As glacial retreat bankrupts an ambitious hydroelectric project, residents reflect on the conflicts leading to its construction.

The Cajón del Maipo is an arid, once snowcapped region of the Chilean Andes, 40 miles north of Chile’s capital city of Santiago. There, a series of hamlets tucked around the mountains and valleys are home to a lively community of small-scale agricultural and ecotourism businesses. In recent years, the effects of melting glaciers in the region have exacerbated a historical drought and threatened local water security.

In 2013, a new hydroelectric project, named Alto Maipo, began construction along the Río Maipo, a large glacier-fed river in the Cajón del Maipo valley. While the valley is already home to a long-standing network of hydroelectric plants, the company, AES Gener, promised to produce over four times the current energy supply by diverting rivers through 43.5 miles of tunnels dug beneath the mountains.

After being announced, the project was met with swift backlash from community and environmental leaders. Now, years after protests have died down, the project remains internationally controversial and plagued by operational problems, such as glacial retreat reducing the water flow needed to provide the energy for the project.

The entrance to a Strabag facility, a European construction company contracted for construction of the Alto Maipo project, sits along the road to El Alfalfal.
The entrance to a Strabag facility, a European construction company contracted for construction of the Alto Maipo project, sits along the road to El Alfalfal.

The greater regional hydroelectric system generates energy through a broad series of underground tunnels that divert water from naturally occurring rivers before being returned to the surface. Alto Maipo’s tunnels span over 41 miles and source millions of gallons of water from three rivers: the Río Volcán, the Río Yeso, and the Río Colorado.

Water travels through the tunnels before being deposited into the larger Río Maipo, several miles downstream of where the water would naturally flow. The energy produced across the Cajón del Maipo is sent to the Santiago metropolitan region

TRANSLATION: Fundamentally, the Olivares glacier field is one of the principle glacier reserves of uncovered glaciers in the region. But we have to understand that in the whole Maipo basin, there are over 900 glaciers. Of those, many are rock glaciers. And all of them are an important part of the water reserves for the region of Santiago.

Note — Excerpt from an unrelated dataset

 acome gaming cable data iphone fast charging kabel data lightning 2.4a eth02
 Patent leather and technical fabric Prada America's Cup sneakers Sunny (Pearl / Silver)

Francisco Ferrado, Glaciologist at the University of Chile

The water, which consists largely of glacier melt, is contaminated from mining and sediment from the hydroelectric diversion process, according to researchers. By redirecting surface water to skip roughly 100 km (about 62 miles) of the Cajón del Maipo, where communities depend on rivers for water security, the impacts of climate-change-fueled drought in the region are exacerbated. This effects not only households and agriculture, but also the surrounding nature.

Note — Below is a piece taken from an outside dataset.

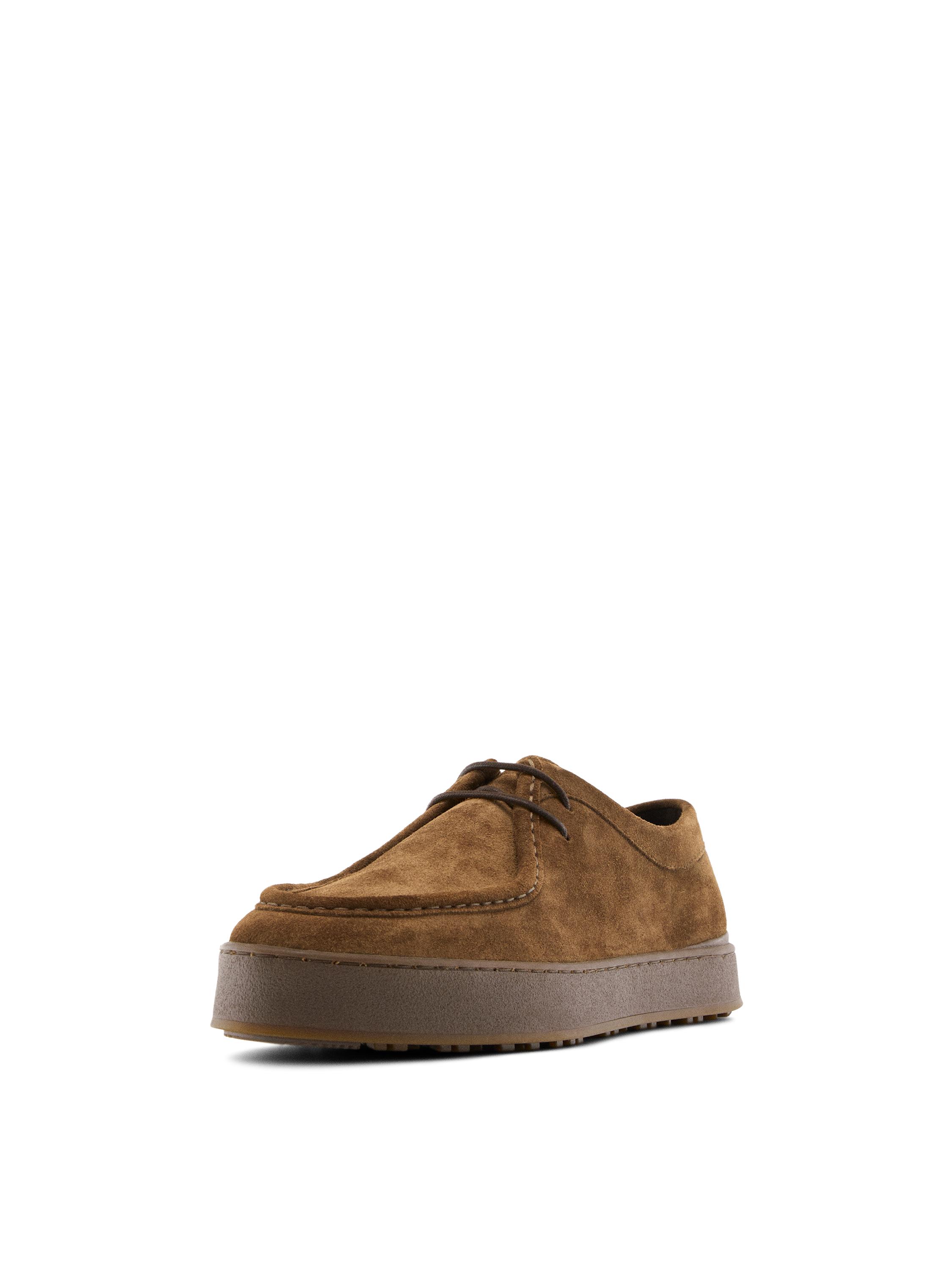 Leather shoes with moc toe and chunky sole — BROWN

TRANSLATION: It’s what you call a sacrifice zone. The truth is, in the end, it’s a territory that has been sacked by international corporations whose activities have very harmful impacts on the environment and communities. Mining is one of the greatest threats – in the end, it’s like the saying, “bread for today, hunger for tomorrow.” That leaves very significant damage. They take the water out of the rivers, they take the resources, and they leave. That’s the reality.

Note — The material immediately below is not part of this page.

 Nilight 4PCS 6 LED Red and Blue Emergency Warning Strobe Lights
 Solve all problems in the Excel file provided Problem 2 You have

Benjamín Busto, local environmentalist

Locals say the construction of Alto Maipo came at a cost to local groundwater and marred the landscape of nearby townships El Alfalfal and Los Maitenes permanently. The Maipo basin provides 70% of the Santiago Metropolitan Region’s drinkable water, and 90% of its irrigation water. This is increasingly critical as a historic megadrought has swept through Chile in the last decade, threatening national food and water security.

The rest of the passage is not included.